> [What to produce]:
For this exercise, retype the lines from the one that holds "著しい叢生と顎骨のズレ　ワイヤー装置による抜歯矯正の治療中" through the one that holds "What Is Eczema" in the records below, both included, exactly and without pictures.

─── Input data

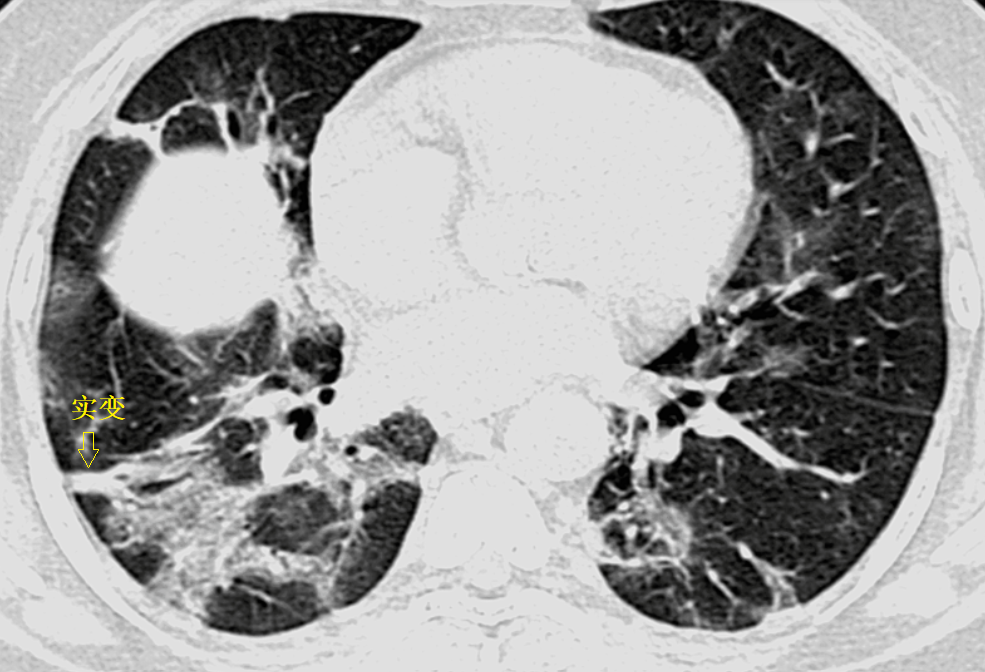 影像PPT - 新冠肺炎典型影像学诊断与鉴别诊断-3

──────
─── Input data

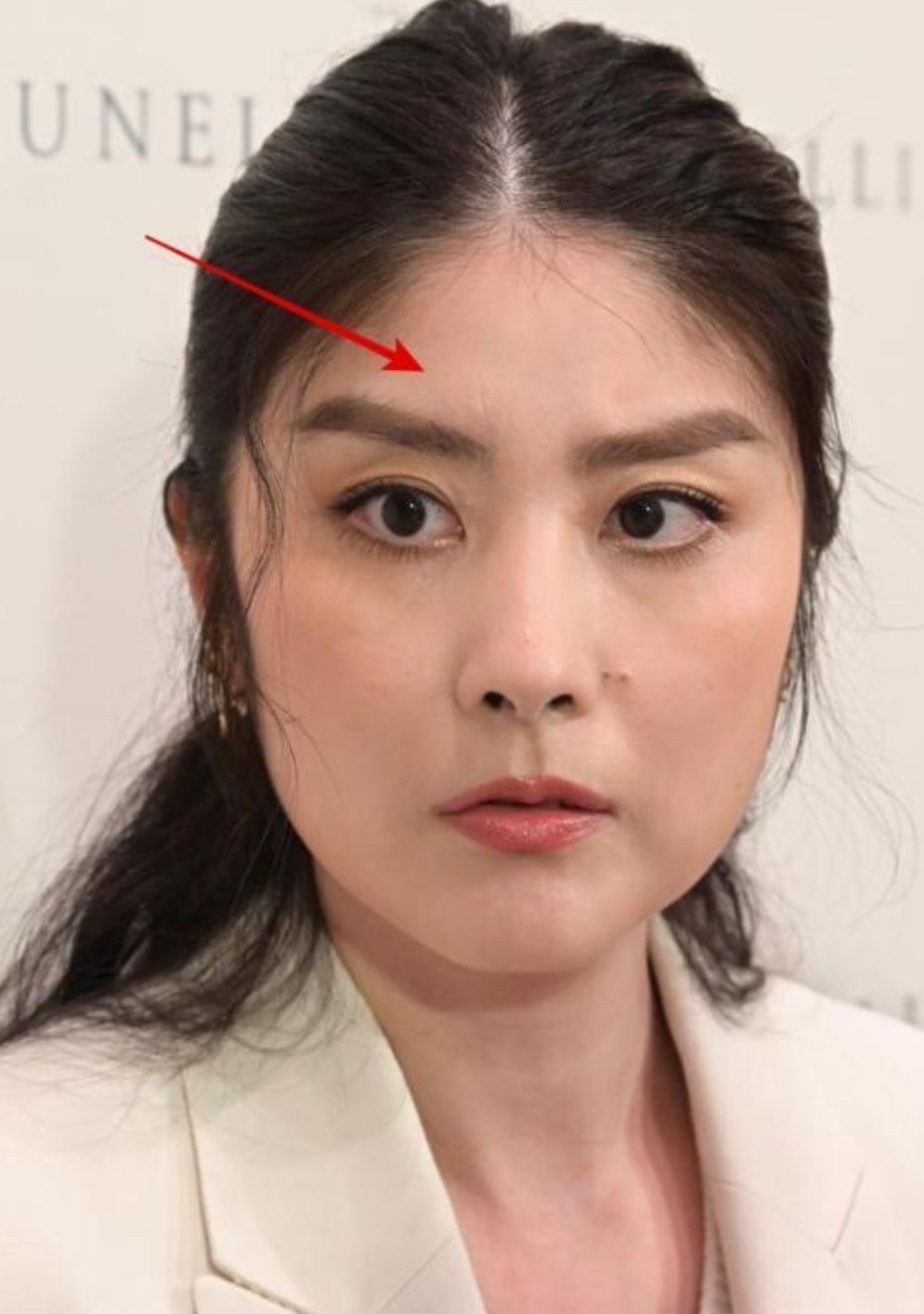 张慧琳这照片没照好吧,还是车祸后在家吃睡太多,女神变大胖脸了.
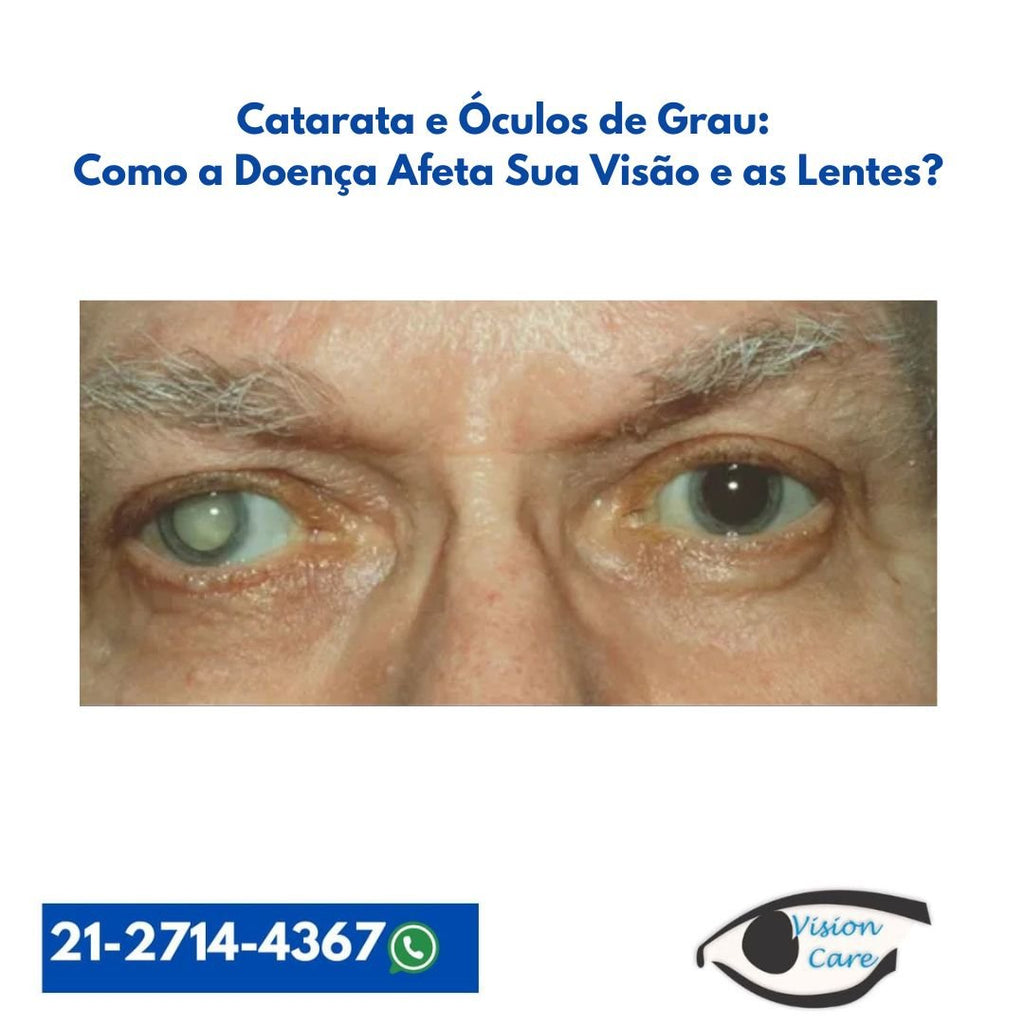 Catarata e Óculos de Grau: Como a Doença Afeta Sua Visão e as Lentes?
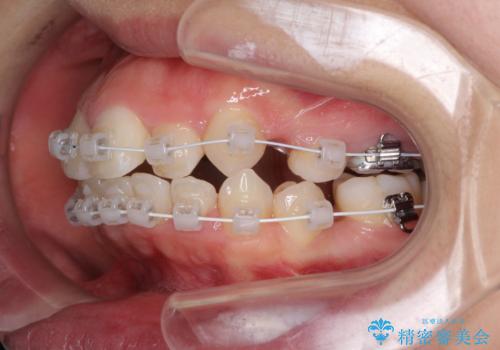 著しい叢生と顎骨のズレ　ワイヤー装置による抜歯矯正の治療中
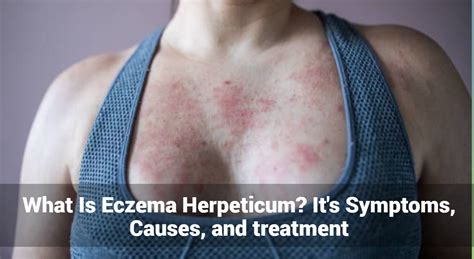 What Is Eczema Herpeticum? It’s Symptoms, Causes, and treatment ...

──────

> [Reply to the exercise]:
 著しい叢生と顎骨のズレ　ワイヤー装置による抜歯矯正の治療中
 What Is Eczema Herpeticum? It’s Symptoms, Causes, and treatment ...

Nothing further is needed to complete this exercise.